(TASK DETAILS)
Repeat exactly the lines from the start of the records below through the line that contains "Brown Dotted Stripes Budget Silk Saree", including both.

(INFORMATION GIVEN)

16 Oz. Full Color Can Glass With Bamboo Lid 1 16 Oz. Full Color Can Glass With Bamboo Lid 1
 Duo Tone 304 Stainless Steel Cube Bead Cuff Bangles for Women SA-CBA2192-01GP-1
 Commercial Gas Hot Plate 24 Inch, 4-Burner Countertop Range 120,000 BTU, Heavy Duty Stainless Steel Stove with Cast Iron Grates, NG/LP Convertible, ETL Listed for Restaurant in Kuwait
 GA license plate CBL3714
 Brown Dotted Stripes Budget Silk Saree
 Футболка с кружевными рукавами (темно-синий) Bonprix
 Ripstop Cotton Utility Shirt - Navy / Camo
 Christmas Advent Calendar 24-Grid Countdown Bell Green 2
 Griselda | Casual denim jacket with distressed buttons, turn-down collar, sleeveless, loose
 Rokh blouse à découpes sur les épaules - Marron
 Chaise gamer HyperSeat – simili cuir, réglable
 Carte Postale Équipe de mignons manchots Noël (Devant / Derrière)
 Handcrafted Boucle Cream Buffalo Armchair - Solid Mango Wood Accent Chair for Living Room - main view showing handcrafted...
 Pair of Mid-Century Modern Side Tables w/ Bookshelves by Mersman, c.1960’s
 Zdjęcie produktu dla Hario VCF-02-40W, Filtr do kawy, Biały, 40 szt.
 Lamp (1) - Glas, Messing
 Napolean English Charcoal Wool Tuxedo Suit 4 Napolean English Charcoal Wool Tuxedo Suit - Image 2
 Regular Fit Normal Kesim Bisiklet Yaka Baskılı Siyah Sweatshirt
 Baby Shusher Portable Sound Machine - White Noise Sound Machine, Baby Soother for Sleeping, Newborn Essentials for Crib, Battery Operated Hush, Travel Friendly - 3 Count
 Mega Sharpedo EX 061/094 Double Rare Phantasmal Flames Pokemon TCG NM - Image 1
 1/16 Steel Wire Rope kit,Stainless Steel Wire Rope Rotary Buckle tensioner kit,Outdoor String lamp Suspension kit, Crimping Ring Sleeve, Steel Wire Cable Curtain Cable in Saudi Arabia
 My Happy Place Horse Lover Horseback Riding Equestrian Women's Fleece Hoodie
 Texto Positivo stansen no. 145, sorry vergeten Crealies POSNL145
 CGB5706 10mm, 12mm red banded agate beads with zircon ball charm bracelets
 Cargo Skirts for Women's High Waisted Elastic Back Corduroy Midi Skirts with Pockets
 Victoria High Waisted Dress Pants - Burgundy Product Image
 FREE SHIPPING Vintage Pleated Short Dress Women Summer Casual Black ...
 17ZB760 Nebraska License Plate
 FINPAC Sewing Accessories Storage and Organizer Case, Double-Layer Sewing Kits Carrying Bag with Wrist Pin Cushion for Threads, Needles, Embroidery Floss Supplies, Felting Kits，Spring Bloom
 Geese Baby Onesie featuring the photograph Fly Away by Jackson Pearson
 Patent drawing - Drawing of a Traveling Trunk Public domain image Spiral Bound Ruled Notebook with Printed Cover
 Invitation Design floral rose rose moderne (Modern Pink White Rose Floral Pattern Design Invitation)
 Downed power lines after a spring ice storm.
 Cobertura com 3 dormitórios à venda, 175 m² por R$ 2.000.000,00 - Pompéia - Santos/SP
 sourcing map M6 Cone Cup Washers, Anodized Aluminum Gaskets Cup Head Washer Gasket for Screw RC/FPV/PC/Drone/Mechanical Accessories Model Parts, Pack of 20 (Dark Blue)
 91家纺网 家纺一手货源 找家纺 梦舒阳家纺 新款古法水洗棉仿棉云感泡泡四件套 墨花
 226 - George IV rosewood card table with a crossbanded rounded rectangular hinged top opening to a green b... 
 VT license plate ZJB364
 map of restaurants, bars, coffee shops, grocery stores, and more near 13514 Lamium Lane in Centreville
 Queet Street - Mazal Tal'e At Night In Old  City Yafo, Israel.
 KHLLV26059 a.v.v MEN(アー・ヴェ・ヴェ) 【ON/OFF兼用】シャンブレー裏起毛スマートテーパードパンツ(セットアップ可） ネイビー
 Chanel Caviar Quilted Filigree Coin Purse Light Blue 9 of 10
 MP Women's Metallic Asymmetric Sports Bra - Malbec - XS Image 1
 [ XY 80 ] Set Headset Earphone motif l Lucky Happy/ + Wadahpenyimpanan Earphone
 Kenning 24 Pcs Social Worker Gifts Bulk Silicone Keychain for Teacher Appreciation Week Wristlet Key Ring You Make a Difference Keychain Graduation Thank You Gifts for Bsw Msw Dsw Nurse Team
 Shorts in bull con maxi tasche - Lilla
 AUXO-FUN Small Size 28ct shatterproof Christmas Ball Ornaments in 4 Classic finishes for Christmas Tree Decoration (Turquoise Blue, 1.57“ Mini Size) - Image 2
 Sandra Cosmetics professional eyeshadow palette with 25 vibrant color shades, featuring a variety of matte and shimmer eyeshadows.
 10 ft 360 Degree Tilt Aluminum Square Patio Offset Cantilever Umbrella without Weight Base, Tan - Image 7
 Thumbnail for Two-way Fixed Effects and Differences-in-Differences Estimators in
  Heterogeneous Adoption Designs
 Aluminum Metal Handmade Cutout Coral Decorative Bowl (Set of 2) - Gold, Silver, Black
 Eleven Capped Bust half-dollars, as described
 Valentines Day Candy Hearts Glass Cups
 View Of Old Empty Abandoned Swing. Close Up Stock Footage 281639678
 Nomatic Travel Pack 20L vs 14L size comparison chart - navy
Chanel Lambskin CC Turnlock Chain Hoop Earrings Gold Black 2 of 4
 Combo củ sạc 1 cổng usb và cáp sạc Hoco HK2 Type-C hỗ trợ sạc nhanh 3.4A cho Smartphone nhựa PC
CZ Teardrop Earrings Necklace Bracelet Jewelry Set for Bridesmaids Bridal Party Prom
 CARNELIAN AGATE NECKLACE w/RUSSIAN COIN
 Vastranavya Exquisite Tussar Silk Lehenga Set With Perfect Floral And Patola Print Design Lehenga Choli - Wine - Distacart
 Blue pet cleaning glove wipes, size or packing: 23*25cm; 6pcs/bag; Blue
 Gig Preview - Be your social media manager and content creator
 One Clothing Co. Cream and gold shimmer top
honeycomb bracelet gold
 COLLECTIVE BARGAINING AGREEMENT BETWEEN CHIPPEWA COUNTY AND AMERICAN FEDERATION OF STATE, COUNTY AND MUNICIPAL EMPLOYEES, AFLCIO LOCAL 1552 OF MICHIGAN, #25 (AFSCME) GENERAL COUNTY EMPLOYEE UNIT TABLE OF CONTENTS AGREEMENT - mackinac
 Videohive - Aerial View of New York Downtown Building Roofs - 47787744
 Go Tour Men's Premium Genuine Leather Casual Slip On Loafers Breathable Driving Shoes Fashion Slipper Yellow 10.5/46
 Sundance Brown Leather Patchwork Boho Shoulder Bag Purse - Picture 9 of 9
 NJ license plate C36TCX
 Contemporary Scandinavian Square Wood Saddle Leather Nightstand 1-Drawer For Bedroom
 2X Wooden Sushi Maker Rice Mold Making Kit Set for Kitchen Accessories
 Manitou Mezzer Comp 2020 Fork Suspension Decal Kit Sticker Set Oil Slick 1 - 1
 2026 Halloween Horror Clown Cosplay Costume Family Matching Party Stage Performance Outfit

(OUTPUT OF THE EXERCISE)
16 Oz. Full Color Can Glass With Bamboo Lid 1 16 Oz. Full Color Can Glass With Bamboo Lid 1
 Duo Tone 304 Stainless Steel Cube Bead Cuff Bangles for Women SA-CBA2192-01GP-1
 Commercial Gas Hot Plate 24 Inch, 4-Burner Countertop Range 120,000 BTU, Heavy Duty Stainless Steel Stove with Cast Iron Grates, NG/LP Convertible, ETL Listed for Restaurant in Kuwait
 GA license plate CBL3714
 Brown Dotted Stripes Budget Silk Saree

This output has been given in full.